Raspberry Gingerbread Cake

This festive raspberry gingerbread cake, created by the talented Katie Stymiest (@cakedbykatie on Instagram), is warm, cozy, and perfectly balanced with bright pops of E.D.SMITH® raspberry pie filling. Rich molasses and warm spices give it classic holiday depth, while the fruity swirl adds a fresh, slightly tangy contrast that keeps every bite feeling special.

Ingredients
  

Gingerbread Cake

  • ½ cup (113g) salted butter, room temperature
  • ½ cup (100g) brown sugar
  • 1 large egg, room temperature
  • 1 cup fancy molasses (*do not use blackstrap molasses)
  • 2 ½ cups all-purpose flour
  • 1 ½ teaspoons baking soda
  • 1 teaspoon fine sea salt
  • 1 teaspoon cinnamon
  • 1 teaspoon ginger
  • ½ teaspoon cloves
  • 1 cup orange juice, hot
  • 1 can E.D.SMITH® raspberry pie filling, divided

Raspberry Buttercream

  • 2 cups (454g) salted butter, room temperature
  • 4 cups (480g) powdered sugar
  • 1 teaspoon fine sea salt
  • ¼ cup E.D.SMITH® raspberry pie filling

Optional

  • gingerbread cookies and raspberries

Directions
 

Gingerbread Cake

  • Preheat the oven to 350ºF and prepare two 8-inch round cake pans with non-stick baking spray and parchment paper.
  • In a stand mixer or large mixing bowl with an electric mixer, beat together the butter and sugar until light and fluffy. This should take approximately 2 minutes.
  • Add in the egg and fancy molasses and mix until fully combined and smooth. Scrape down the sides of the bowl when necessary.
  • Measure in the flour, baking soda, salt, cinnamon, ginger, and cloves and begin to mix on low.
  • Slowly pour in the hot orange juice and continue to mix on low until just combined.
  • Divide and spread the batter evenly into the two prepared cake pans and bake for approximately 15-20 minutes or until a toothpick inserted in the center comes out clean or with a few moist crumbs.
  • Allow to cool in the pans for 10 minutes before inverting on a wire rack to fully cool.

Raspberry Buttercream

  • In the bowl of a stand mixer or large mixing bowl with an electric mixer, cream the butter on high speed until light and fluffy.

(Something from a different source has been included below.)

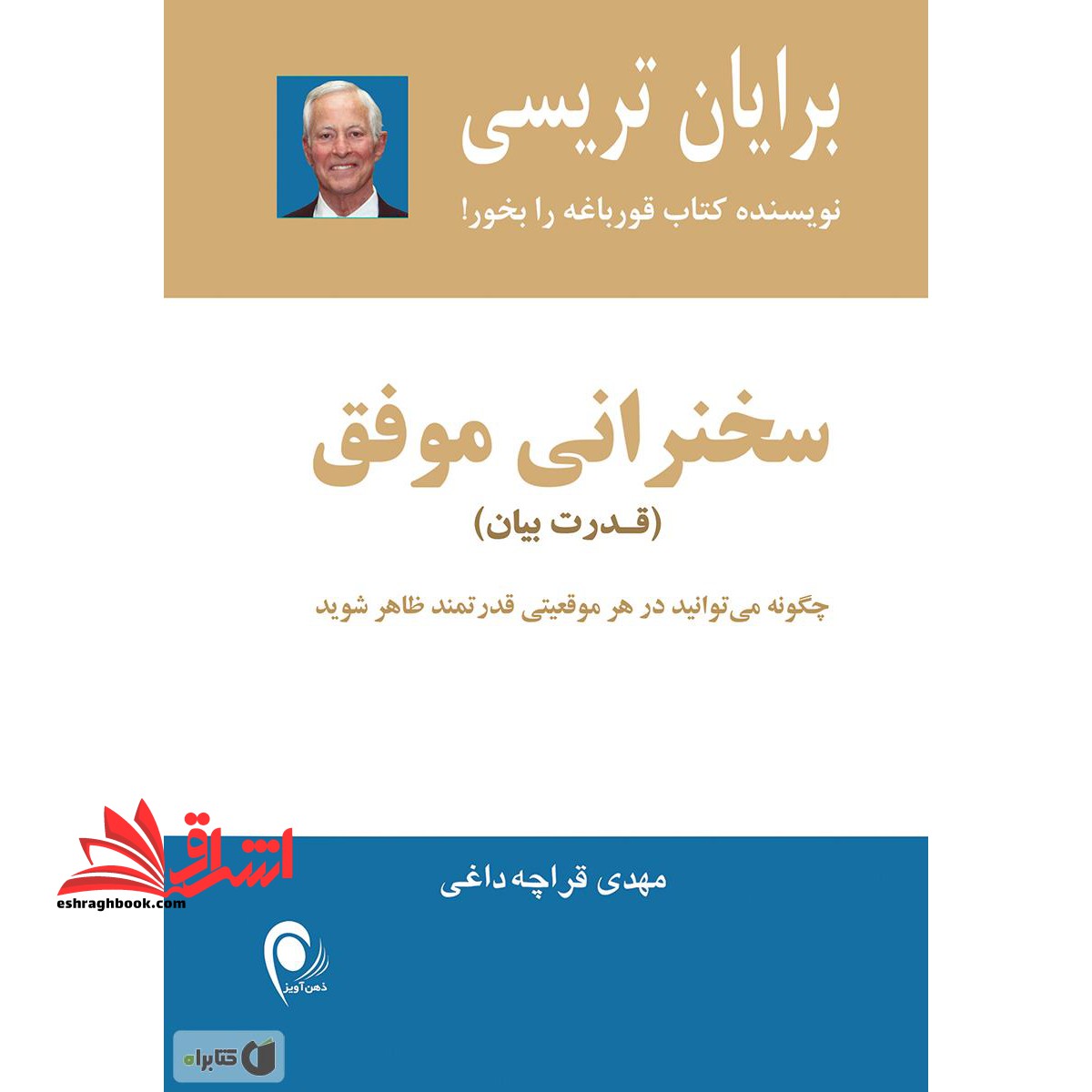 سخنرانی موفق (برای بردن حرف بزنید) - فروشگاه کتاب اشراق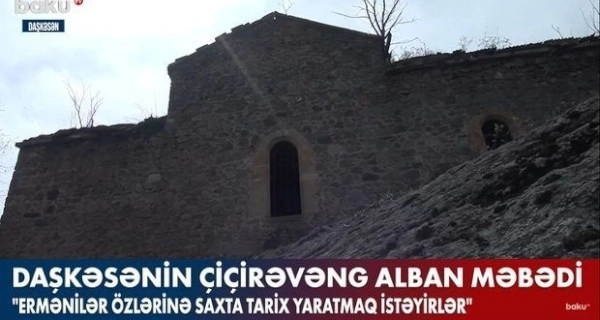 Албанский храм Чичираванк в Дашкесане, который также пытались присвоить армяне - ВИДЕО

This should take approximately 5-10 minutes.
  • Measure in the powdered sugar and salt and mix on low until combined.
  • Add in the raspberry pie filling and turn the mixer up to high and allow to beat for 5 minutes.

Cake Assembly

  • Slice each cake layer in half (optional) and place one layer on a cake board, plate, and/or cake turntable and top with approximately 1 cup of frosting.
  • Pipe a buttercream border around the edge of the cake layer and fill with approximately ½ cup of the raspberry pie filling.
  • Repeat with the remaining cake layers and very gently apply a thin coat of buttercream to the entire cake. Chill the cake for 10-20 minutes. *If the cake feels unstable or the buttercream becomes too soft at any point while stacking, stop and chill the cake and frosting for 15 minutes.
  • Cover the cake with a final layer of buttercream and smooth the sides and top with a cake smoother and/or offset spatula.
  • Decorate the cake as you please. Enjoy! I piped buttercream open-star dollops around the top of the cake with a Wilton 8B piping tip and placed gingerbread cookies and fresh raspberries around the dollops.
  • Store leftovers in an airtight container in the fridge for up to 5 days or in the freezer for up to 3 months.